Brazil's Senate is debating whether President Dilma Rousseff should face a full impeachment trial.
The majority of the senators have already said they will vote against the president.
If this is confirmed in a vote to be held later, Ms Rousseff will be automatically suspended from office.
She is accused of illegally manipulating finances to hide a growing public deficit ahead of her re-election in 2014, which she denies.
Ms Rousseff made a last-ditch appeal to the Supreme Court to stop proceedings, but the move was rejected.
What's happening now?
A lengthy debate lasting all night preceded the actual vote. The Senate session opened 20 hours ago.
There are a total of 81 senators in the upper house, but only 71 were present. By 05:45 local time (08:45GMT), all 71 senators present had spoken. Final speeches were expected to last 30 minutes before the vote took place.
Of those, 49 - a majority - backed the impeachment trial in their speeches, 20 rejected it and two did not give an indication as to how he would vote.
The session has been a lot less passionate than that in the lower house on 17 April in which a overwhelming majority of the 513 lawmakers voted in favour of the impeachment proceedings going ahead.
The members of the lower house cited all kinds of reason for their decision with many saying they were doing if "for my family", "for God" or simply "the country".
What do Dilma Rousseff's critics say?
In the Senate, the arguments given for the impeachment trial have been mainly economic.
Many blamed President Rousseff for the dire straits the country's economy is in.
Brazil is suffering from its worst recession in 10 years, unemployment reached 9% in 2015 and inflation is at a 12-year high.
Senator Aecio Neves, who lost to Ms Rousseff in the 2014 presidential election, said: "Populist governments always act with fiscal irresponsibility and when they fail they appeal to the old 'us vs them' argument."
"The poorest and most vulnerable in society, who need the government support the most, always end up paying the bill," he added.
Mr Neves said he would vote for an impeachment trial.
Ataides Oliveira of the opposition PSDB party said that "today, we're going to retrieve the country from the hands of the PT (Ms Rousseff's Workers' Party) and give it back to the Brazilian people".
Former football player turned senator Romario said Brazil was in "a very serious crisis" before revealing that "after much thought" he had decided to back her impeachment trial.
Senator Alvaro Dias said that "they [the government] have already stolen so much from us, don't let them steal our hope for a better future".
What do Dilma Rousseff's backers say?
Those arguing against the impeachment trial said it was tantamount to a coup d'etat.

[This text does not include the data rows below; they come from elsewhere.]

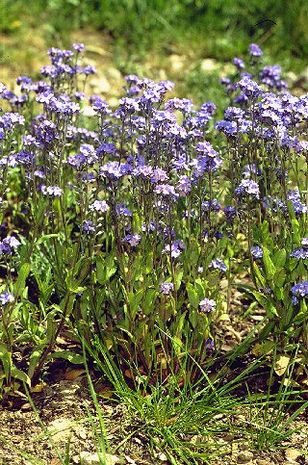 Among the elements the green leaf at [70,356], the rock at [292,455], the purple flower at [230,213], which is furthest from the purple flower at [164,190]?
the rock at [292,455]

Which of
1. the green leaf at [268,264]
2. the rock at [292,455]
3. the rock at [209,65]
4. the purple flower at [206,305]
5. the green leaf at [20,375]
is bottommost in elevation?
the rock at [292,455]

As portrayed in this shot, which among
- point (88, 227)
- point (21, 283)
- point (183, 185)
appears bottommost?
point (21, 283)

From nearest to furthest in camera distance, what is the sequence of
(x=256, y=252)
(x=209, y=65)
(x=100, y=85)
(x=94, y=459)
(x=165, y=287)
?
(x=94, y=459)
(x=165, y=287)
(x=256, y=252)
(x=100, y=85)
(x=209, y=65)

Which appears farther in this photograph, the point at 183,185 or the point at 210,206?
the point at 210,206

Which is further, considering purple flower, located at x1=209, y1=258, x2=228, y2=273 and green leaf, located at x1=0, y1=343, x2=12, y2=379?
purple flower, located at x1=209, y1=258, x2=228, y2=273

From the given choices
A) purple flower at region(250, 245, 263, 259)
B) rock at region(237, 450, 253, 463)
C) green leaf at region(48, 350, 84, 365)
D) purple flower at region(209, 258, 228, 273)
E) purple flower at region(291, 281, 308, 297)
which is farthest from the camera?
purple flower at region(209, 258, 228, 273)

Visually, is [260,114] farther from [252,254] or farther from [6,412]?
[6,412]

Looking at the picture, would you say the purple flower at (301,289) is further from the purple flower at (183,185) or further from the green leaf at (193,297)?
the purple flower at (183,185)

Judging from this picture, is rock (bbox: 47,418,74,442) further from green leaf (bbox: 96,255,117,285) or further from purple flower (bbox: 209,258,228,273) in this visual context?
purple flower (bbox: 209,258,228,273)

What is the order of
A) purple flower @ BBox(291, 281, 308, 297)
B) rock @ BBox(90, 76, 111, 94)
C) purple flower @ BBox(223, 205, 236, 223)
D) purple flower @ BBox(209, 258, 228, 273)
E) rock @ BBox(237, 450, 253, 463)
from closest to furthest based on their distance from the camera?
rock @ BBox(237, 450, 253, 463) < purple flower @ BBox(291, 281, 308, 297) < purple flower @ BBox(209, 258, 228, 273) < purple flower @ BBox(223, 205, 236, 223) < rock @ BBox(90, 76, 111, 94)

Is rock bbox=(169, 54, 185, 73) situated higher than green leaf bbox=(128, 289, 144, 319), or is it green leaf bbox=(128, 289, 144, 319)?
rock bbox=(169, 54, 185, 73)

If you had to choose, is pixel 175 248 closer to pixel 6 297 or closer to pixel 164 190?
pixel 164 190

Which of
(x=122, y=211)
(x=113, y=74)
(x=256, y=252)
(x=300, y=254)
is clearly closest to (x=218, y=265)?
(x=256, y=252)

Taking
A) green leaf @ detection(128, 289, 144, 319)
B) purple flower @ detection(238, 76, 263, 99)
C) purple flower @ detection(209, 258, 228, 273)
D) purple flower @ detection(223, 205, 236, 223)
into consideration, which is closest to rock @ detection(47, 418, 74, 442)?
green leaf @ detection(128, 289, 144, 319) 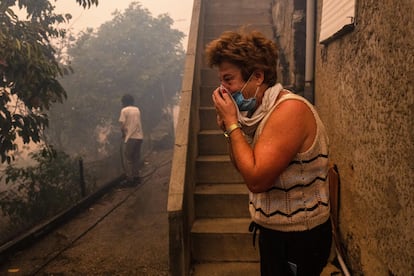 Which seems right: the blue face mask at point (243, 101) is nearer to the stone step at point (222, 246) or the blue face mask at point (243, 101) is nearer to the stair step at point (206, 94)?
the stone step at point (222, 246)

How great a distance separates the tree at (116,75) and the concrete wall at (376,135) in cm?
1144

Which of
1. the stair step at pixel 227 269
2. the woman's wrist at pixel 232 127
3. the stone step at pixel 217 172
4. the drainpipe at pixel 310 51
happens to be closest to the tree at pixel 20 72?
the stone step at pixel 217 172

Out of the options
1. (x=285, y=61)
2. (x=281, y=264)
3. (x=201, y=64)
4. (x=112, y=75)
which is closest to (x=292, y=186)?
(x=281, y=264)

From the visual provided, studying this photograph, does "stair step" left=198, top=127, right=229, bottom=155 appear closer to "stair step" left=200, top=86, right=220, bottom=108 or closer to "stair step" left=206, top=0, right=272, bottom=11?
"stair step" left=200, top=86, right=220, bottom=108

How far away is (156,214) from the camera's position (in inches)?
245

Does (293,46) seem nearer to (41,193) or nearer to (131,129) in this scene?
(131,129)

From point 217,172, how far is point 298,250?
8.78ft

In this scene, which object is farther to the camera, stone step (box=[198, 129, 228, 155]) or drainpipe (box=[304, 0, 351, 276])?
stone step (box=[198, 129, 228, 155])

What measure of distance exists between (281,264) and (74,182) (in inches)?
267

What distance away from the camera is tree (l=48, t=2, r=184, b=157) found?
1415 centimetres

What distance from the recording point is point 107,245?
4.91m

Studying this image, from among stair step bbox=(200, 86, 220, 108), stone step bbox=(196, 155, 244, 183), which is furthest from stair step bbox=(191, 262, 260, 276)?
stair step bbox=(200, 86, 220, 108)

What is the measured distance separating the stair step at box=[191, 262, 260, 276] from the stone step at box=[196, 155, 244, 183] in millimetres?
1109

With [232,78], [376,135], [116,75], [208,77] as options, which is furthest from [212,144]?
[116,75] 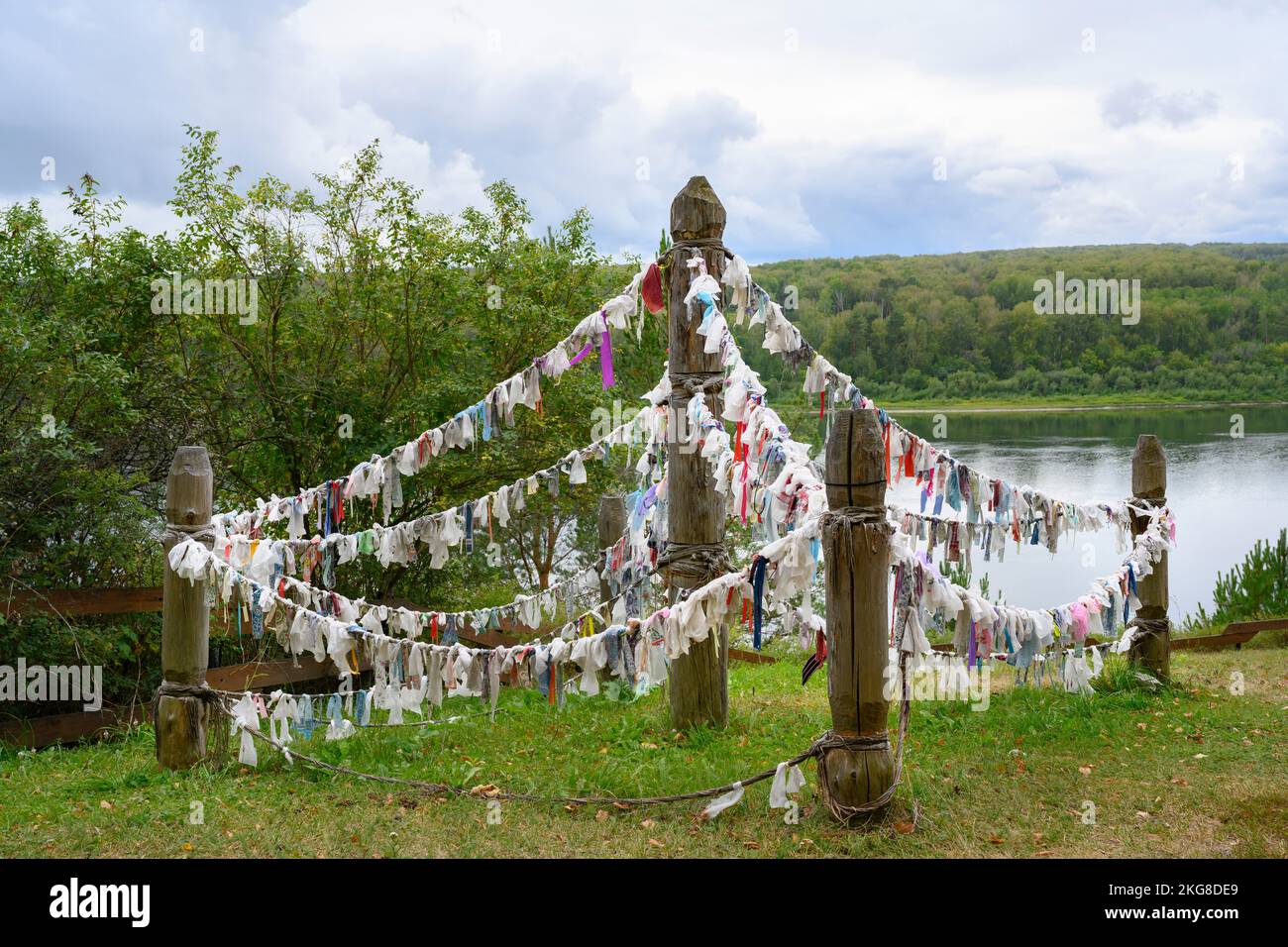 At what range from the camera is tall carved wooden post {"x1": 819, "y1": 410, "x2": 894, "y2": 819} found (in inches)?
171

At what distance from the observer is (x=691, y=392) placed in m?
6.04

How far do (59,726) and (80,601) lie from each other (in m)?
1.08

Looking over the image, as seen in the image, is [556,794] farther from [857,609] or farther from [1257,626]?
[1257,626]

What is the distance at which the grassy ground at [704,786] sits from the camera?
4.50 meters

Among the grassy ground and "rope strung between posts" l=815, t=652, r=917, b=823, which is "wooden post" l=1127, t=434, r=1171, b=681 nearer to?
the grassy ground

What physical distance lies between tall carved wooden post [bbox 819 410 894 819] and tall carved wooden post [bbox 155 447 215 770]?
11.4 ft

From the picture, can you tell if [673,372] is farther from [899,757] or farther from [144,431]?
[144,431]

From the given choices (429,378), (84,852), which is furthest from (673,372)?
(429,378)

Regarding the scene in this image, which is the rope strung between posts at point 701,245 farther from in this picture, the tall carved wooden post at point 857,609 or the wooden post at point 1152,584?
the wooden post at point 1152,584

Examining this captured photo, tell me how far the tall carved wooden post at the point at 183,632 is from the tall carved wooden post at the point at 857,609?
3472 millimetres

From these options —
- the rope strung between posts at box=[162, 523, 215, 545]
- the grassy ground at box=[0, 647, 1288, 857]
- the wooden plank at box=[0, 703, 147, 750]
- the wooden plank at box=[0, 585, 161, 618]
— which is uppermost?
the rope strung between posts at box=[162, 523, 215, 545]

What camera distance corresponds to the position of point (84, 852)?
4531 mm

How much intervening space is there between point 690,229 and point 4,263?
5.74 meters

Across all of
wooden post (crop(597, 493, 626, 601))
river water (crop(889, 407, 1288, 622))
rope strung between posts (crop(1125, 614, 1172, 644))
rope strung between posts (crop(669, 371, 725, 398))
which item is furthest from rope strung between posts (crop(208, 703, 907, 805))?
river water (crop(889, 407, 1288, 622))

Senator Telmario Mota said that "today we are seeing an attempted takeover of power which calls itself impeachment".
He added that the impeachment proceedings were "born of revenge, hatred and revenge".
Senator Fatima Bezerra from the Workers's Party called the proceedings "a farce". "Those who back this coup d'etat won't ever be forgiven," she warned.
Senator Vanessa Grazziotin of the Communist Party of Brazil said the impeachment process was just a pretext to put an end to the social programmes the Workers' Party had brought in.
Former President Fernando Collor de Mello, who himself faced impeachment proceedings in 1992, gave a lengthy speech about the injustice he said had been committed against him but failed to give an indication of where he stood on Ms Rousseff's impeachment.
If the vote goes against her, Ms Rousseff will be replaced by Vice-President Michel Temer while the impeachment trial lasts.
Her chief of staff, Jaques Wagner, said Ms Rousseff was "outraged by the injustice committed against her, but standing firm awaiting the Senators' decision.
She has promised to fight to the end.
"I will not resign. That never crossed my mind," she said during a speech on Tuesday.